ある計画
岸谷には、それに加えて不安があった。綾子の入院費用が莫大だった。今の収入でギリギリな状態だった。
岸谷の焦りと不安から、ある考えが次第に頭を過るようになった。
(新しい風邪薬の完成の功績が、俺だけのものになれば、かなりの金が会社から入るはずだ・・)
荒井チームで開発中の新しい風邪薬の完成は、間近と見なされていた。
荒井は、皆が帰った後に、いつも遅くまで一人で研究を続けていた。
そんな荒井には、一つの習慣があった。それは、栄養ドリンクを毎日、一本、必ず会社で飲むのだ。
岸谷は、それを利用して、荒井を殺そうと考えた。
巧妙に、栄養ドリンクに毒を盛り込み、飲ませるのだ。
岸谷は、そういった致死性のある毒を、警察に検死にも、引っ掛からないものを作れる力が、あった。
そして、今日、岸谷は、それを実行した。
いつも飲む、荒井の栄養ドリンクを、毒入りのものと、すり替えたのだ。
それを、飲んだ荒井を、岸谷は、見届けた。
帰宅時間になった。
まだ荒井には、何の変化もない。荒井は、そのまま、いつものように自分の研究室で残るようだった。
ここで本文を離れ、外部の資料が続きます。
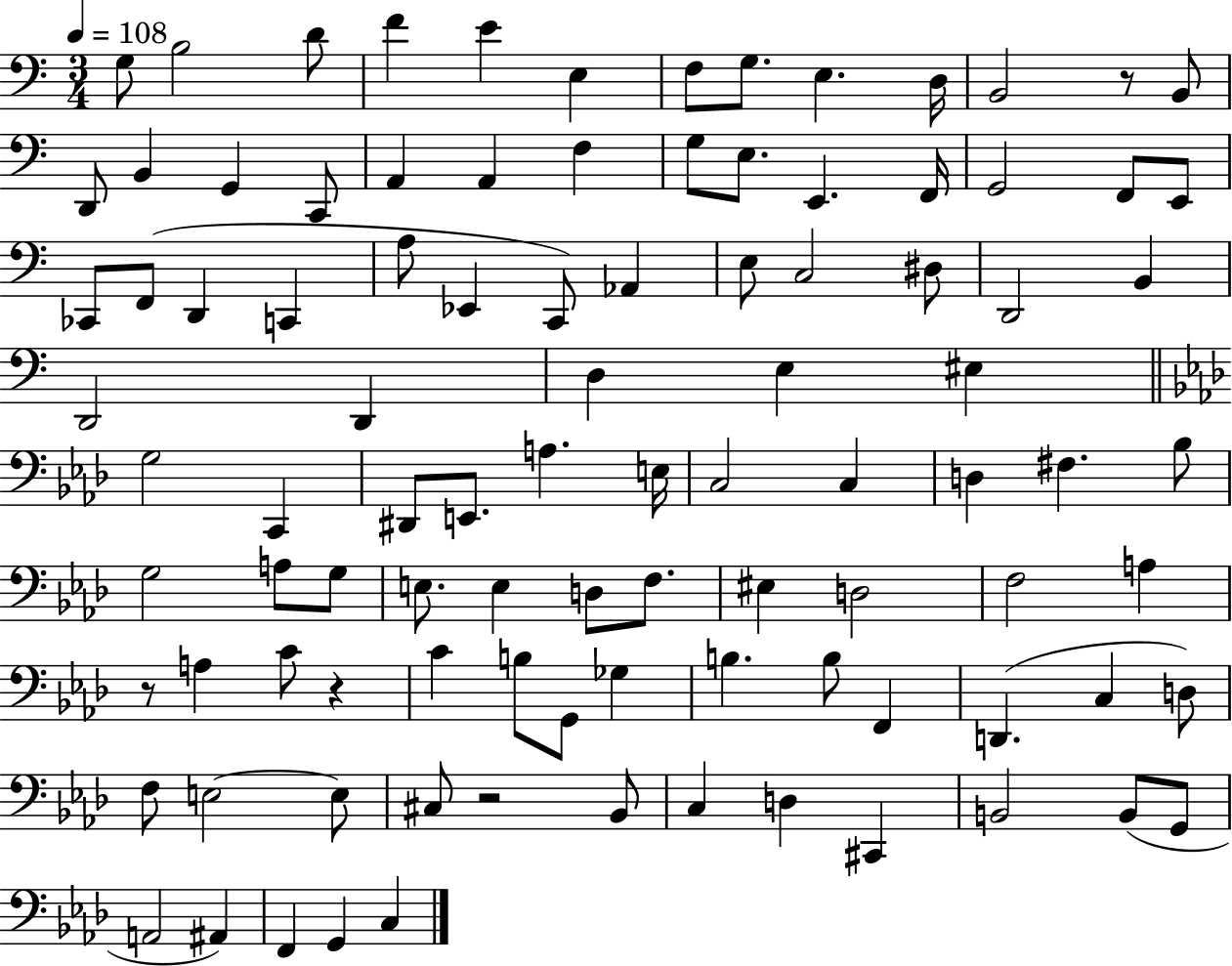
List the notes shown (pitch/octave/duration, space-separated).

G3/e B3/h D4/e F4/q E4/q E3/q F3/e G3/e. E3/q. D3/s B2/h R/e B2/e D2/e B2/q G2/q C2/e A2/q A2/q F3/q G3/e E3/e. E2/q. F2/s G2/h F2/e E2/e CES2/e F2/e D2/q C2/q A3/e Eb2/q C2/e Ab2/q E3/e C3/h D#3/e D2/h B2/q D2/h D2/q D3/q E3/q EIS3/q G3/h C2/q D#2/e E2/e. A3/q. E3/s C3/h C3/q D3/q F#3/q. Bb3/e G3/h A3/e G3/e E3/e. E3/q D3/e F3/e. EIS3/q D3/h F3/h A3/q R/e A3/q C4/e R/q C4/q B3/e G2/e Gb3/q B3/q. B3/e F2/q D2/q. C3/q D3/e F3/e E3/h E3/e C#3/e R/h Bb2/e C3/q D3/q C#2/q B2/h B2/e G2/e A2/h A#2/q F2/q G2/q C3/q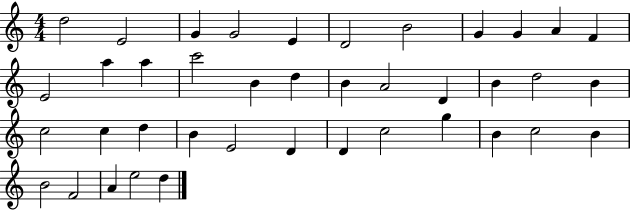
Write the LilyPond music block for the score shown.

{
  \clef treble
  \numericTimeSignature
  \time 4/4
  \key c \major
  d''2 e'2 | g'4 g'2 e'4 | d'2 b'2 | g'4 g'4 a'4 f'4 | \break e'2 a''4 a''4 | c'''2 b'4 d''4 | b'4 a'2 d'4 | b'4 d''2 b'4 | \break c''2 c''4 d''4 | b'4 e'2 d'4 | d'4 c''2 g''4 | b'4 c''2 b'4 | \break b'2 f'2 | a'4 e''2 d''4 | \bar "|."
}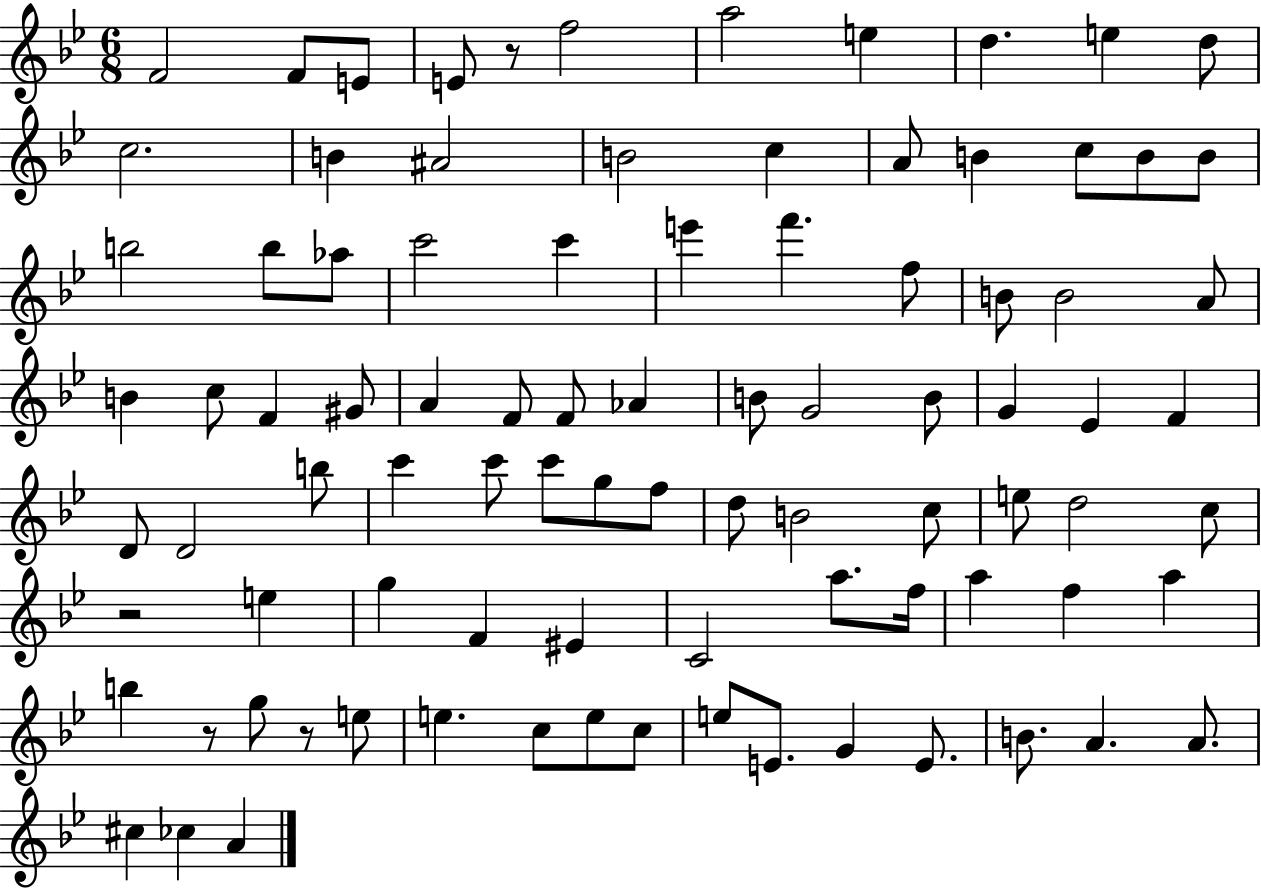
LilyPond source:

{
  \clef treble
  \numericTimeSignature
  \time 6/8
  \key bes \major
  f'2 f'8 e'8 | e'8 r8 f''2 | a''2 e''4 | d''4. e''4 d''8 | \break c''2. | b'4 ais'2 | b'2 c''4 | a'8 b'4 c''8 b'8 b'8 | \break b''2 b''8 aes''8 | c'''2 c'''4 | e'''4 f'''4. f''8 | b'8 b'2 a'8 | \break b'4 c''8 f'4 gis'8 | a'4 f'8 f'8 aes'4 | b'8 g'2 b'8 | g'4 ees'4 f'4 | \break d'8 d'2 b''8 | c'''4 c'''8 c'''8 g''8 f''8 | d''8 b'2 c''8 | e''8 d''2 c''8 | \break r2 e''4 | g''4 f'4 eis'4 | c'2 a''8. f''16 | a''4 f''4 a''4 | \break b''4 r8 g''8 r8 e''8 | e''4. c''8 e''8 c''8 | e''8 e'8. g'4 e'8. | b'8. a'4. a'8. | \break cis''4 ces''4 a'4 | \bar "|."
}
すると、おもむろに、ビデオカメラを設置して何かを、話し始めた。
それを物陰から、そっと見ている岸谷。
その時、荒井は、苦しみ出し倒れた。
それを見た、岸谷は、震え出した。そして、ソソクサと、その場を去って行く。
(これで、風邪薬の功績は、俺だけのものだ。今、あの薬の重要な情報を知っているのは、俺と荒井だけだからな・・)
会社の玄関を出ると息を荒くして、岸谷は、走り去って行った。